**Material provided**

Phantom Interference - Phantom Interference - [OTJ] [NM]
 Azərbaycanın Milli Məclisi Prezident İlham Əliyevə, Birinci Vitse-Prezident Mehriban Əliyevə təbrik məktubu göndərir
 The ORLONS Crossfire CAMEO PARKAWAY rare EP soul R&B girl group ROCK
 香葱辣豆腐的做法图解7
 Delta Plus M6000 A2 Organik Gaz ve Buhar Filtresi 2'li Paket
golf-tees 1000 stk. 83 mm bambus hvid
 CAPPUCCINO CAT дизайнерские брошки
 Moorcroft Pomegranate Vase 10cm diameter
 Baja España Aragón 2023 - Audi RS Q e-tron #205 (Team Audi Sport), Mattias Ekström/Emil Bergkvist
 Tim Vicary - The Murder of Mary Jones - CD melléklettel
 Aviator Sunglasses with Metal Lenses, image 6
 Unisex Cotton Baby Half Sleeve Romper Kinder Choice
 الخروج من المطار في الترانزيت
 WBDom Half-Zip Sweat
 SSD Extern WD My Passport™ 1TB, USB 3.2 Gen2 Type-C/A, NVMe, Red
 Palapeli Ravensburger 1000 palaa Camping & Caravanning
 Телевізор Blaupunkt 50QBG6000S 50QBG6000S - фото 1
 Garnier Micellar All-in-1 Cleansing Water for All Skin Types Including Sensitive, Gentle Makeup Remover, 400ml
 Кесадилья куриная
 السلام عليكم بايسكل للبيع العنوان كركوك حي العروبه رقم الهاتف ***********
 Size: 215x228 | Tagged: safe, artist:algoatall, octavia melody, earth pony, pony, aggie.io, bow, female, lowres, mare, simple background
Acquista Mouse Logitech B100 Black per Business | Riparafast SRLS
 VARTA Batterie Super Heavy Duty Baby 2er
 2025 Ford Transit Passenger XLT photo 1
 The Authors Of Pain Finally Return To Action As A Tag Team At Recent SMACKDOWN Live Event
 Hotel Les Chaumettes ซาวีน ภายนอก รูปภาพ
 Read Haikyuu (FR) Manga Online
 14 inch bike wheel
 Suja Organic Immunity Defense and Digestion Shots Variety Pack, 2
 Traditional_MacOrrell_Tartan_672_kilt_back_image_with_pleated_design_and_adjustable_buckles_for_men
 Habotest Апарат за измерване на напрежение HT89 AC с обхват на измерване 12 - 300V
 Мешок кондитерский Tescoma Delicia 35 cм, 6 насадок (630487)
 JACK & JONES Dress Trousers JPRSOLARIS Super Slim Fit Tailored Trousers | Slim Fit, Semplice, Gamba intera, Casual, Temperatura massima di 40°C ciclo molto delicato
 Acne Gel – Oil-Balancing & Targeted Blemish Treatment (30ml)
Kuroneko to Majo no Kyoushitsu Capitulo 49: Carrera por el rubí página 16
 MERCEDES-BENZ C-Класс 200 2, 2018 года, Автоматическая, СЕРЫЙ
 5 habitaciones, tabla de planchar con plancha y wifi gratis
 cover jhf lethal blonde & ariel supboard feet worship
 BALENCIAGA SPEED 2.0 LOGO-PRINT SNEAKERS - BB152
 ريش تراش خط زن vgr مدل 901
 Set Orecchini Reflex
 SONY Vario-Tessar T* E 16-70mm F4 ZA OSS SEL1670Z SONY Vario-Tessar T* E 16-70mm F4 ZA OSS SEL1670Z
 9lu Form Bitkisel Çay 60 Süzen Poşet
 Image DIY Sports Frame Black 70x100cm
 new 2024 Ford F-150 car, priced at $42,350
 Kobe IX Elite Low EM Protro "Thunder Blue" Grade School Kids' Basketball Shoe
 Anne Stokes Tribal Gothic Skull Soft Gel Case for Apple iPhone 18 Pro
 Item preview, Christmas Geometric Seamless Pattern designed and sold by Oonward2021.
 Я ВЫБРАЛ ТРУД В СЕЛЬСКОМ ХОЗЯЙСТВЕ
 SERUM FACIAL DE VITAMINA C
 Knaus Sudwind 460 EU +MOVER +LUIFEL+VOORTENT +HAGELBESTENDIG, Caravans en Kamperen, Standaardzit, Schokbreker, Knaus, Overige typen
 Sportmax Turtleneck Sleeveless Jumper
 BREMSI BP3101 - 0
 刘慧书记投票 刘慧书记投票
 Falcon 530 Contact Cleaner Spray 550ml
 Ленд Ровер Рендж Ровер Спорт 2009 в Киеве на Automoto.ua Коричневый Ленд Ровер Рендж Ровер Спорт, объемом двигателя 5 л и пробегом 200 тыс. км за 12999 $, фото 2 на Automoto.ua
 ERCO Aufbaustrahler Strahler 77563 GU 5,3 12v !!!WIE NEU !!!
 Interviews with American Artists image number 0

**Assignment**
Give back, word for word, only the lines above from the line holding "SONY Vario-Tessar T* E 16-70mm F4 ZA OSS SEL1670Z SONY" to the line holding "Anne Stokes Tribal", both included.

**Worked solution**
 SONY Vario-Tessar T* E 16-70mm F4 ZA OSS SEL1670Z SONY Vario-Tessar T* E 16-70mm F4 ZA OSS SEL1670Z
 9lu Form Bitkisel Çay 60 Süzen Poşet
 Image DIY Sports Frame Black 70x100cm
 new 2024 Ford F-150 car, priced at $42,350
 Kobe IX Elite Low EM Protro "Thunder Blue" Grade School Kids' Basketball Shoe
 Anne Stokes Tribal Gothic Skull Soft Gel Case for Apple iPhone 18 Pro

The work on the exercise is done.